(Problem to solve) Apart from the pictures, reproduce the data below exactly as it stands.

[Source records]
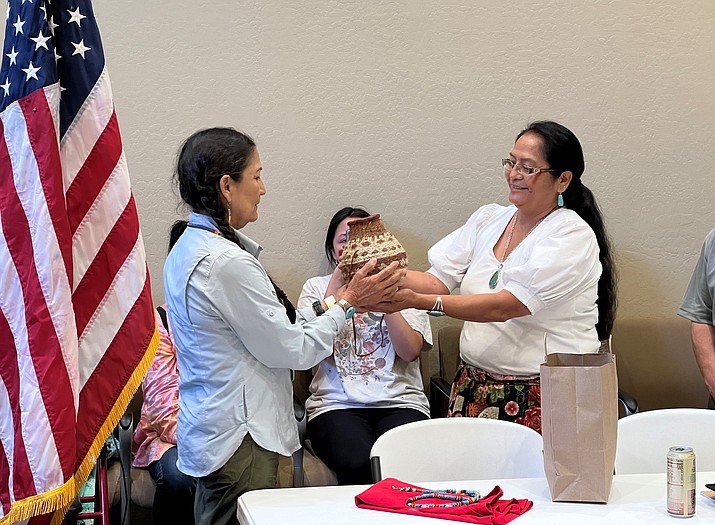Havasupai Tribal Coalition Coordinator Carletta Tilousi gifts a basket to Interior Secretary Deb Haaland May 25. (Photo/Havasupai Tribe)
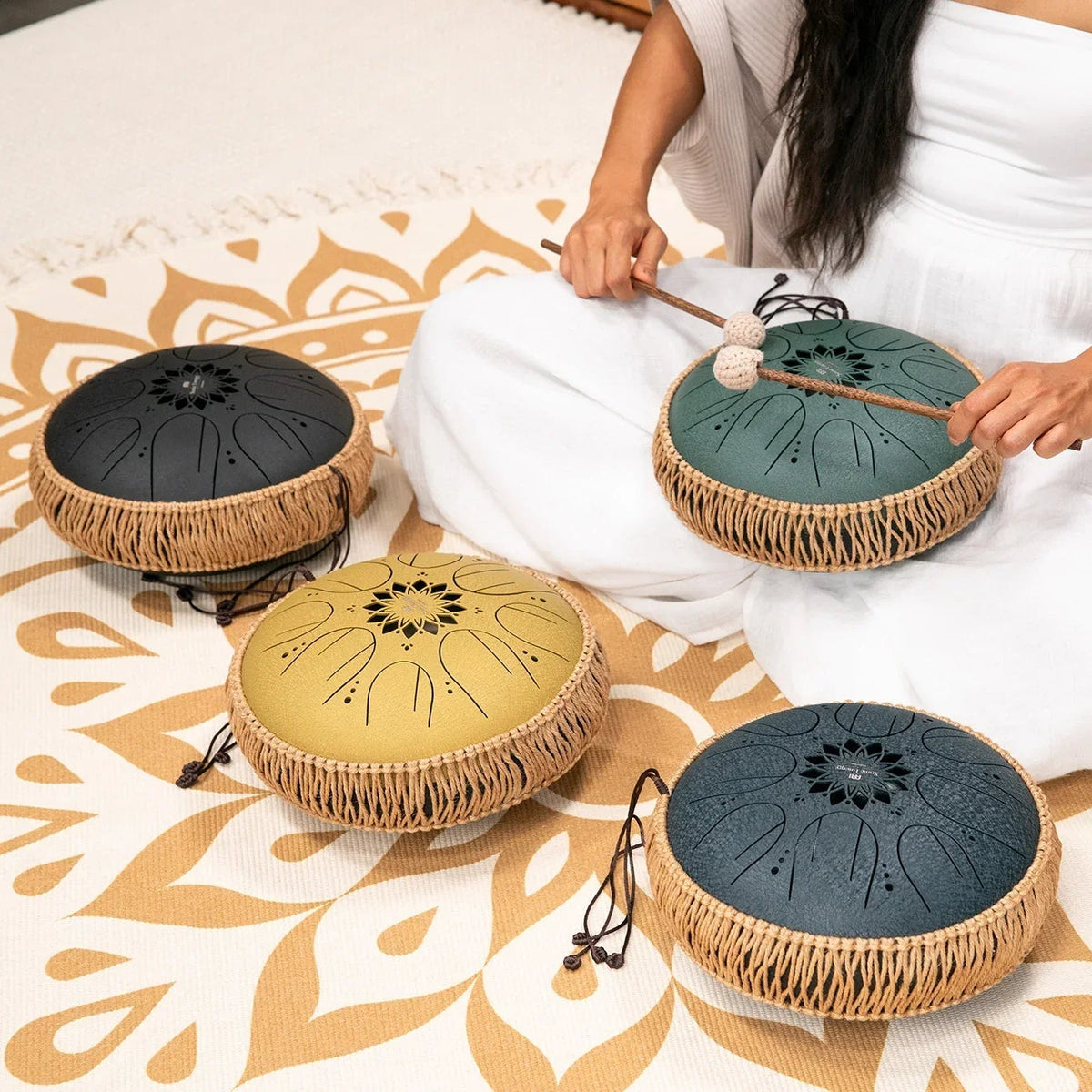 Four steel tongue drums in black, teal, gold and slate blue stand on a mandala rug; a woman in white plays the teal one with two mallets.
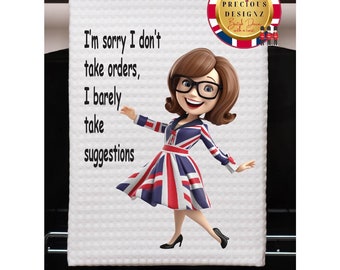 May include: White kitchen towel with a cartoon image of a woman wearing a dress with the Union Jack flag pattern. The text on the towel reads "I'm sorry I don't take orders, I barely take suggestions."
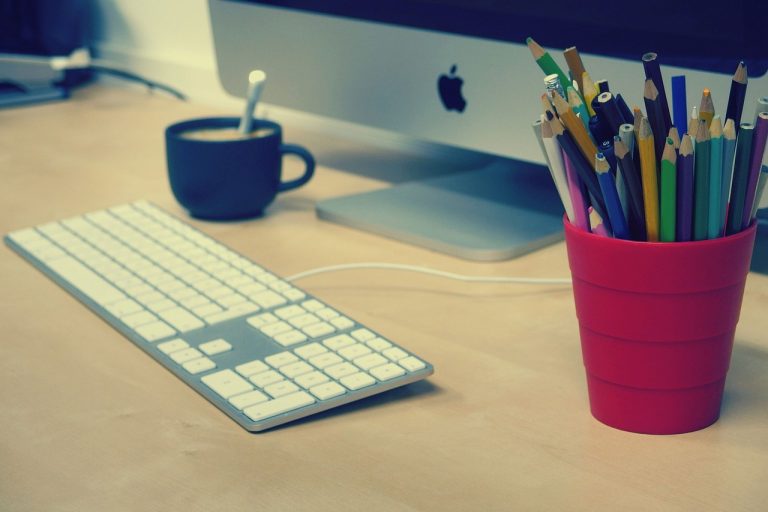 Doi oameni citesc împreună un contract tipărit, la un birou cu laptop și cafea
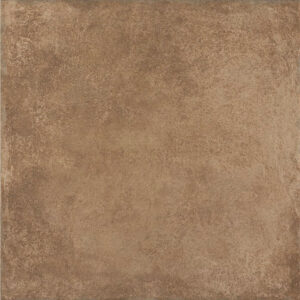 Baldosa cerámica cuadrada marrón tono tierra con textura envejecida tipo piedra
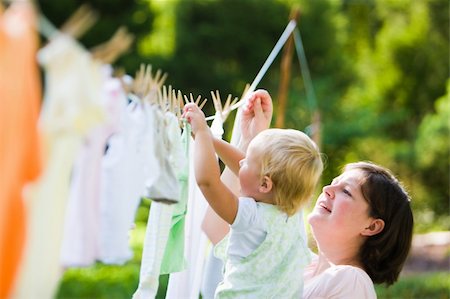Clothes drying on a clothes line outside with a baby touching the clothes in the back ground Foto de stock - Super Valor sin royalties y Suscripción, Código: 400-04133539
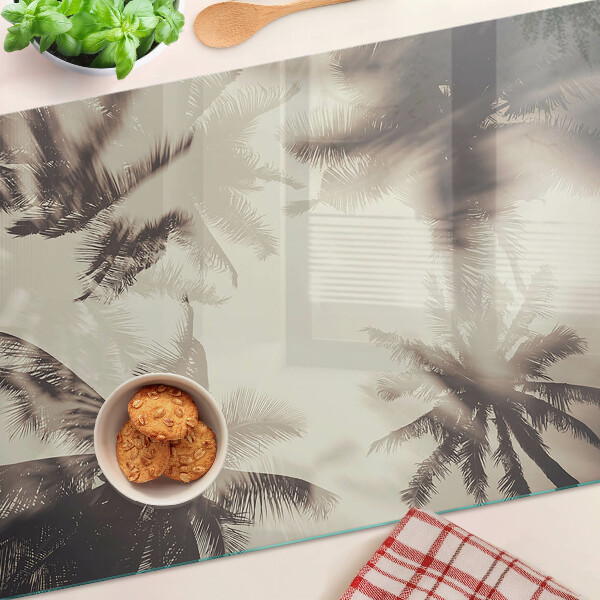 Tagliere in vetro temperato con motivo di palme su sfondo monocromatico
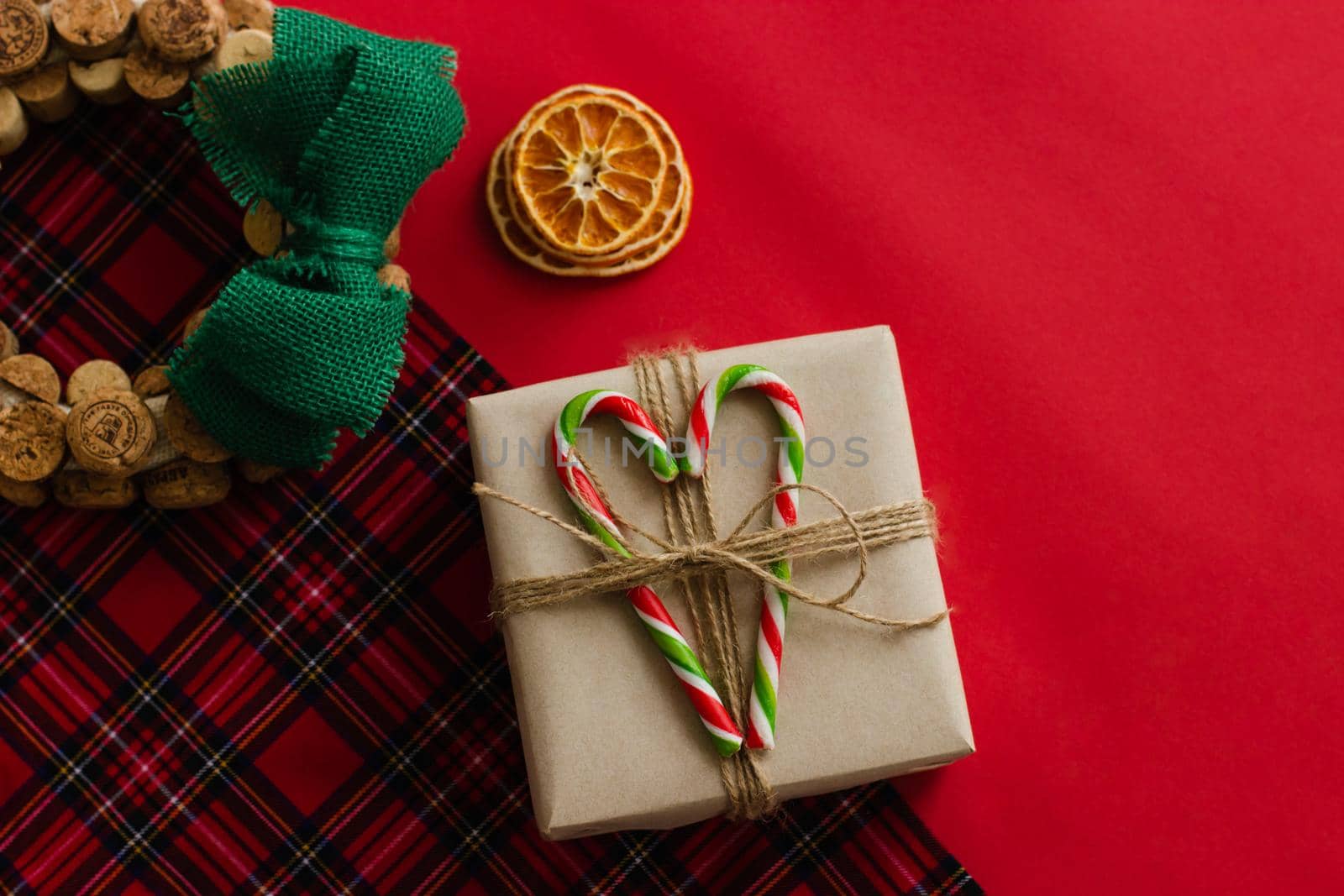 Christmas wreath and handmade gift. Checkered background. Christmas lollipops. Dried oranges. Homemade wreath of corks and linen green bow.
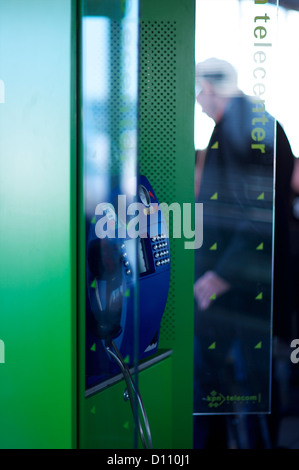 Telefonzelle im Internationalen Flughafen mit einem Mann in der Ferne Stockfoto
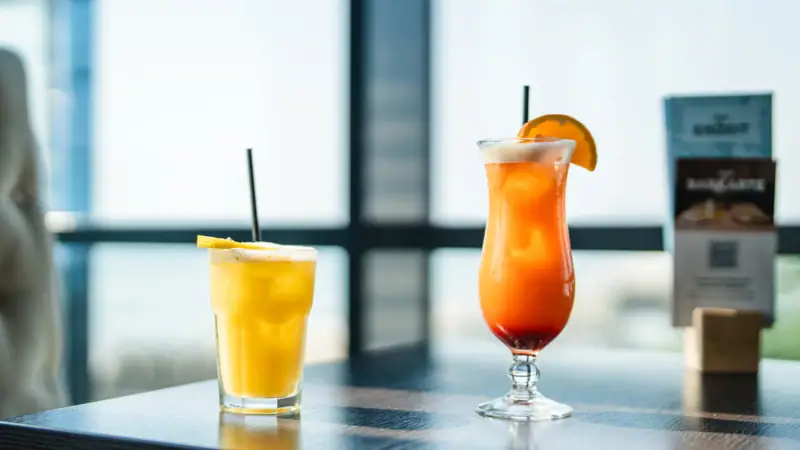 Two glasses of orange cocktails with garnishes and straws on a table.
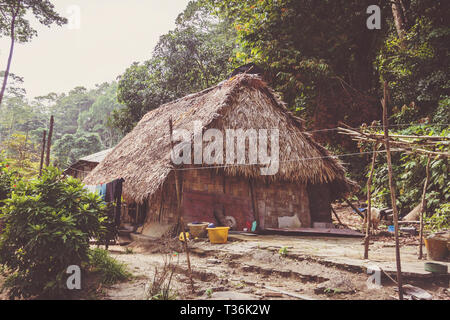 A little hut in in the tropical jungle. A rustic bamboo building with a thatched roof of a poor Indian family. Stock Photo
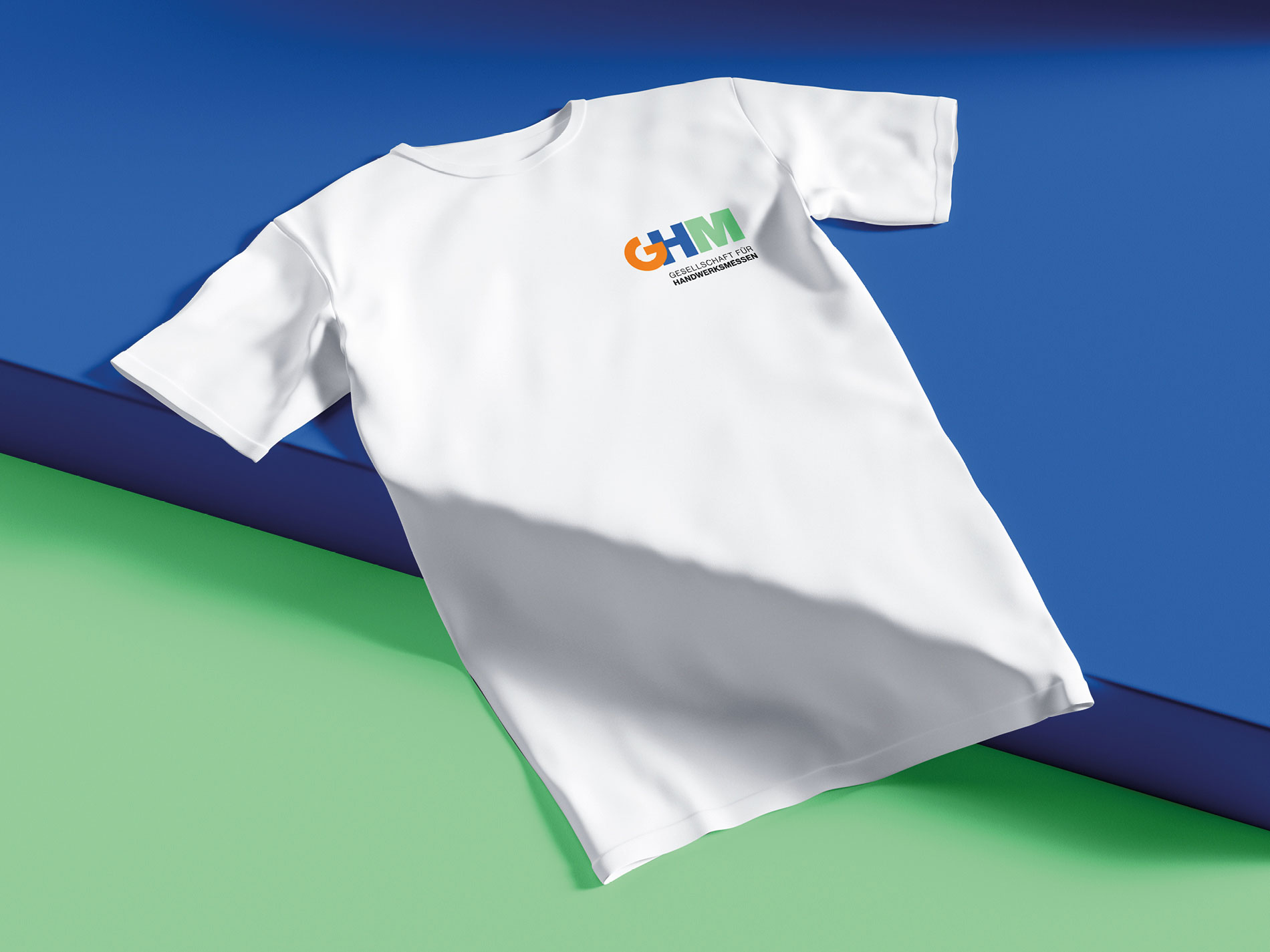 Das Bild zeigt ein weißes T-Shirt, auf dem das Logo der "Gesellschaft für Handwerksmessen" (GHM) auf der Brust aufgedruckt ist. Das T-Shirt liegt auf einer Oberfläche, die in Blau und Grün gestaltet ist. Das GHM-Logo ist in den Farben Orange, Blau und Grün, ähnlich wie auf den zuvor gezeigten Karten, aufgedruckt.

(Task result)
Havasupai Tribal Coalition Coordinator Carletta Tilousi gifts a basket to Interior Secretary Deb Haaland May 25. (Photo/Havasupai Tribe)
 Four steel tongue drums in black, teal, gold and slate blue stand on a mandala rug; a woman in white plays the teal one with two mallets.
 May include: White kitchen towel with a cartoon image of a woman wearing a dress with the Union Jack flag pattern. The text on the towel reads "I'm sorry I don't take orders, I barely take suggestions."
 Doi oameni citesc împreună un contract tipărit, la un birou cu laptop și cafea
 Baldosa cerámica cuadrada marrón tono tierra con textura envejecida tipo piedra
Clothes drying on a clothes line outside with a baby touching the clothes in the back ground Foto de stock - Super Valor sin royalties y Suscripción, Código: 400-04133539
 Tagliere in vetro temperato con motivo di palme su sfondo monocromatico
 Christmas wreath and handmade gift. Checkered background. Christmas lollipops. Dried oranges. Homemade wreath of corks and linen green bow.
 Telefonzelle im Internationalen Flughafen mit einem Mann in der Ferne Stockfoto
 Two glasses of orange cocktails with garnishes and straws on a table.
 A little hut in in the tropical jungle. A rustic bamboo building with a thatched roof of a poor Indian family. Stock Photo
 Das Bild zeigt ein weißes T-Shirt, auf dem das Logo der "Gesellschaft für Handwerksmessen" (GHM) auf der Brust aufgedruckt ist. Das T-Shirt liegt auf einer Oberfläche, die in Blau und Grün gestaltet ist. Das GHM-Logo ist in den Farben Orange, Blau und Grün, ähnlich wie auf den zuvor gezeigten Karten, aufgedruckt.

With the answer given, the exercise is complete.